Outlook and risks. The recovery of the nonhydrocarbon
economy, however, looks set to continue this year, backed by strong trade,
tourism, logistics, and manufacturing, and helped by high oil prices. With
limited near-term potential for further increases in real oil production, overall
GDP growth is expected to moderate to 2.3 percent. Downside risks relate to a
possible increase in regional geopolitical tensions, a potential decline in oil
prices, a renewed worsening of global financial conditions, or a marked
slowdown in Asia.
Macroeconomic policy mix. The UAE plans a gradual fiscal
consolidation this year which will help unwind the fiscal stimulus of recent
years and lower the currently high fiscal breakeven oil price without
undermining the economic recovery.
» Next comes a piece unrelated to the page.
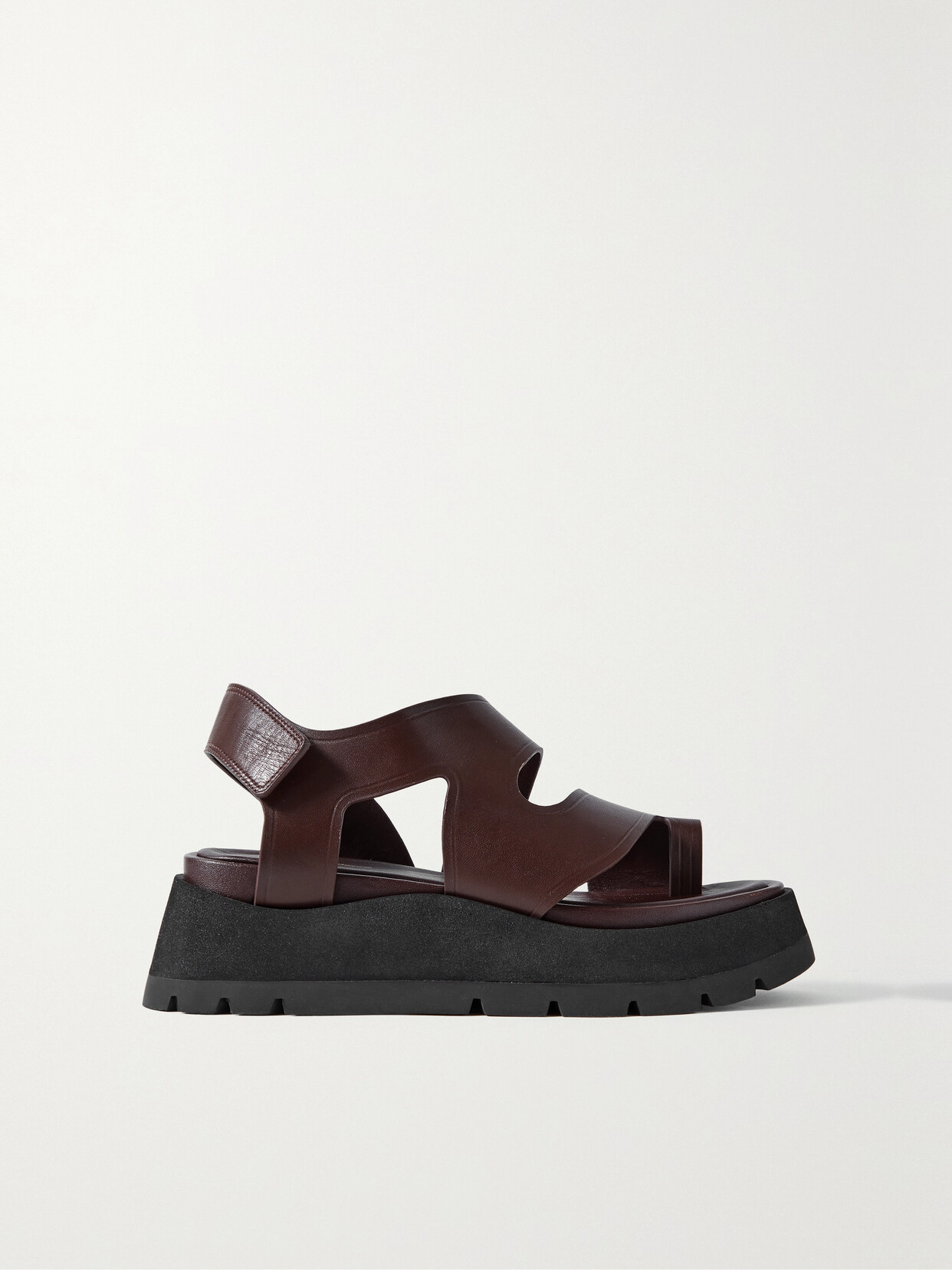 3.1 Phillip Lim - Kate Leather Platform Sandals - Brown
The planned fiscal consolidation will also
increase the room for maneuver in case the downside risks materialize. Monetary
policy will stay appropriately accommodative under the U.S.dollar peg.
Government-related entities. The GREs continue to face
financial challenges in light of their high debt and rollover needs. Further
deleveraging and strengthening of impaired GRE balance sheets is needed.
Improving GRE corporate governance and increasing transparency about their
financing strategies, financial conditions, and debt profile would be important
to strengthen market confidence. Channeling bank funding to non-viable GREs
should be avoided.
Financial stability. The banking system maintains
significant buffers to withstand a further deterioration in asset quality and
external liquidity conditions. The central bank should nonetheless continue to
closely monitor banks’ liquidity and capital buffers as individual banks could
be affected if downside risks materialize.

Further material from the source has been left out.